It would be impossible, it would be a paradox, to go to Japan without abandoning oneself to the thousand culinary facets that characterise this extraordinary country and its millennial tradition. For a chef, it represents the Holy Grail, the Bible, Moana Pozzi, Ducasse, God, Jesus put all together, and perhaps something more. Japan has everything, it is everything: knives, sushi, yakitori, Japanese women, shabu shabu, and not the Philippine one, that is, Ryugin, Narisawa, Sapporo beer, Asahi… Lost at the edge of the world, full of volcanoes, earthquakes, tsunamis, it is slightly larger than Italy but with twice as many people, with lots of nuclear energy but capable of having the best of all.

It’s as if for a Japanese, only the best existed. The fish needs to be the best, and so for vegetables, meat, knives, tea, and also public transport, schools, roads, police... The concept of an individual rising above the others does not exist: children are taught to be a team during the course of their life, always and no matter what. They have to work together in order to take care of the interests of the Rising Sun. In fact, not everything is like this - and how could it be? – but what one perceives at first is indeed perfection, and absolute rigour, and, as my grannie always used to say «it’s the first impression that counts».
Let’s start with Kyoto: we get on board the Shinkansen train as soon as we arrive at Tokyo’s airport and off we go. The Shinkansen is ugly. But, most of all, they are slow! The ticket inspectors on the train bow. I mean, they BOW when asking you for the ticket! The toilets are CLEAN on every car. Before dinner we have a nice aperitif in the hotel’s bar, called the Touzan Bar, which is considered one of the best bars in Kyoto. Not to stress our liver too much, so early in the evening and especially after two bottles of Riesling on the plane, we opt for two fantastic Hendrick's-style gin tonics. Of course, a Japanese barman needs at least 12 minutes to prepare a cocktail: the ice-cube needs to be perfect, everything needs to be perfectly dosed. When you point out that the Hendrick's is served with cucumber, instead of lemon, you’re screwed… you need to wait for a total of 24 minutes for a cocktail, so you order a new one as soon as the first one arrives. Indeed, you learn something new every day.

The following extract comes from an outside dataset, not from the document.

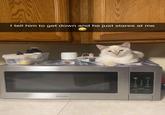 I tell him to get down and he just stares at me SHARP POPCORN 1 2 3 4 5 6 7 8 9 POWER LIVEL 0 START DEFROST COOK REHEAT MELT SOFTEN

For the first dinner, we choose a great classic of Japanese cuisine, and both feeling like two Italian versions of
Bourdain we move towards the yakitori Mecca, namely
Wabiya, a minuscule restaurant with 10 seats in which the only serve chicken skewers. In other words, they take the chicken themselves, which have grown on the slopes of Mount Fuji, perhaps even a little “radioactive”, the caress them during their whole lives, they feed them with caviar and then they kill them. At
Wabiya they divide them in the different yakitori pieces. We thus discover that there are different cuts, such as pieces of liver or of heart, lung or entrails, and finally the most important part, the butt! On average, skewers cost 3 euros and there are 20 different types. Let’s say 2 of each type and you off you go again.